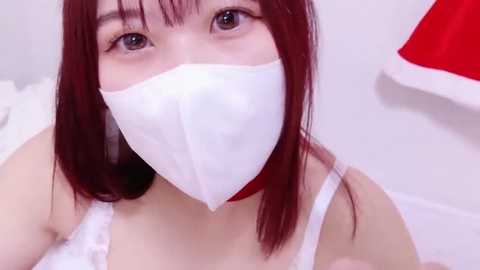 Media: Video of a young woman with long, straight, dark red hair, wearing a white surgical mask, a white spaghetti-strap top, and a red Santa hat. Background is a plain white wall.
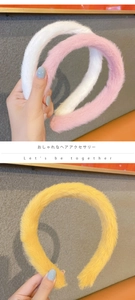 Detail of plush wide headband in white pink and yellow soft faux fur texture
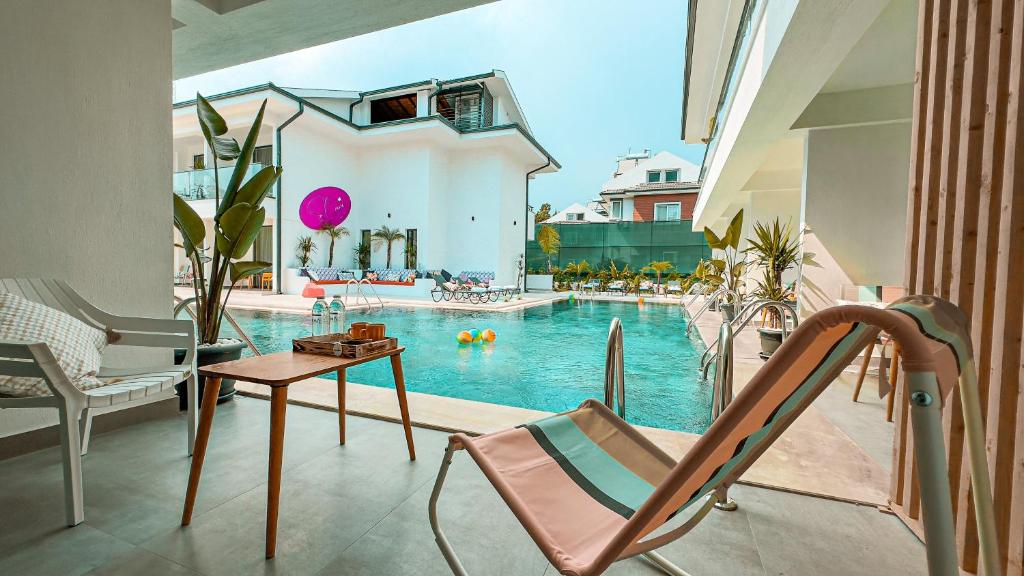 a swimming pool with a chair and a table at S-Cape Hotel Fethiye in Fethiye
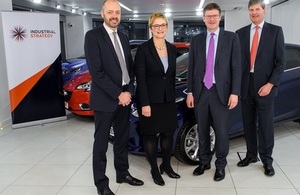 Greg Clark and representatives from the automotive sector standing in front of the car.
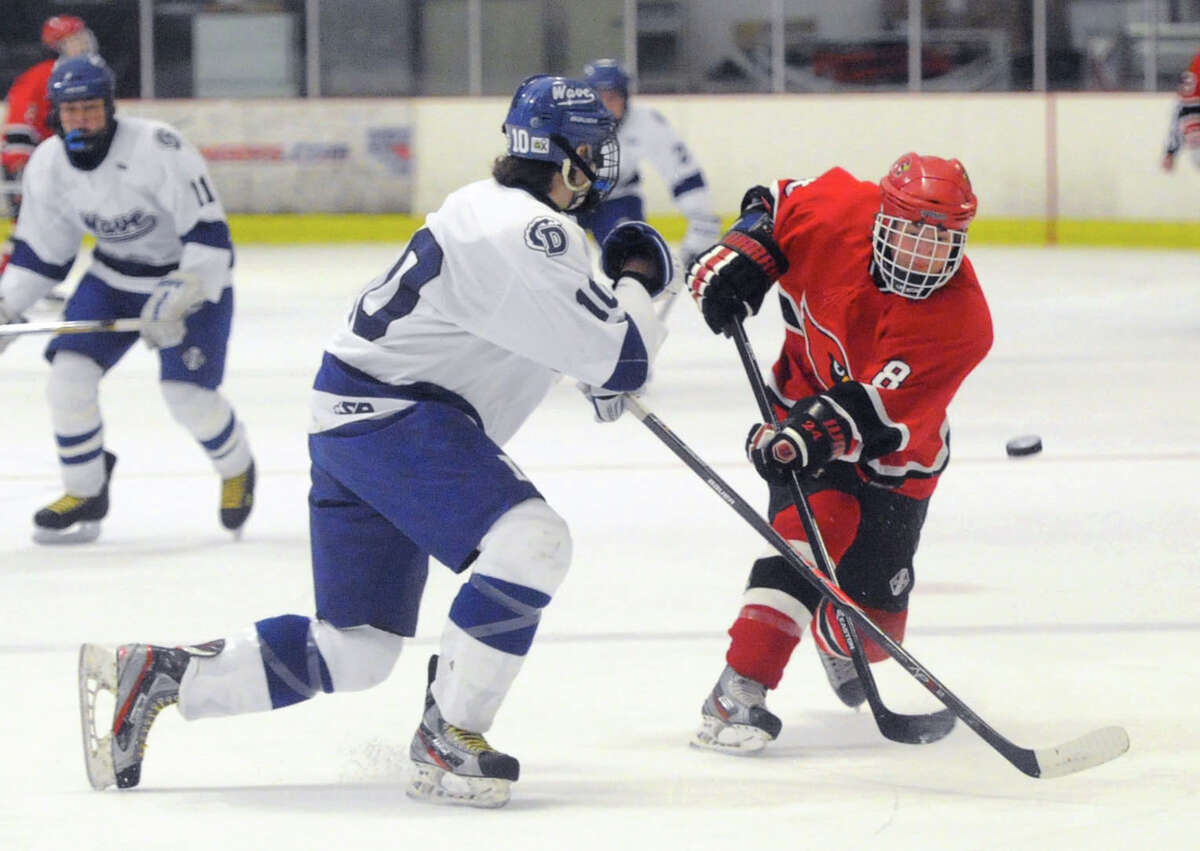 At right, Mark Schmeiler (#8) of Greenwich gets his shot blocked by Darien's Jack Massie (#10) during the CIAC Division I boys ice hockey playoff game between Greenwich High School and Darien High School at Darien Rink in Darien, Conn., Wednesday, March 12, 2014.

★ ★ ★ ★

### Work instruction
Keeping the pictures out, output the records from above exactly and completely.

### Exercise solution
 Media: Video of a young woman with long, straight, dark red hair, wearing a white surgical mask, a white spaghetti-strap top, and a red Santa hat. Background is a plain white wall.
 Detail of plush wide headband in white pink and yellow soft faux fur texture
 a swimming pool with a chair and a table at S-Cape Hotel Fethiye in Fethiye
 Greg Clark and representatives from the automotive sector standing in front of the car.
 At right, Mark Schmeiler (#8) of Greenwich gets his shot blocked by Darien's Jack Massie (#10) during the CIAC Division I boys ice hockey playoff game between Greenwich High School and Darien High School at Darien Rink in Darien, Conn., Wednesday, March 12, 2014.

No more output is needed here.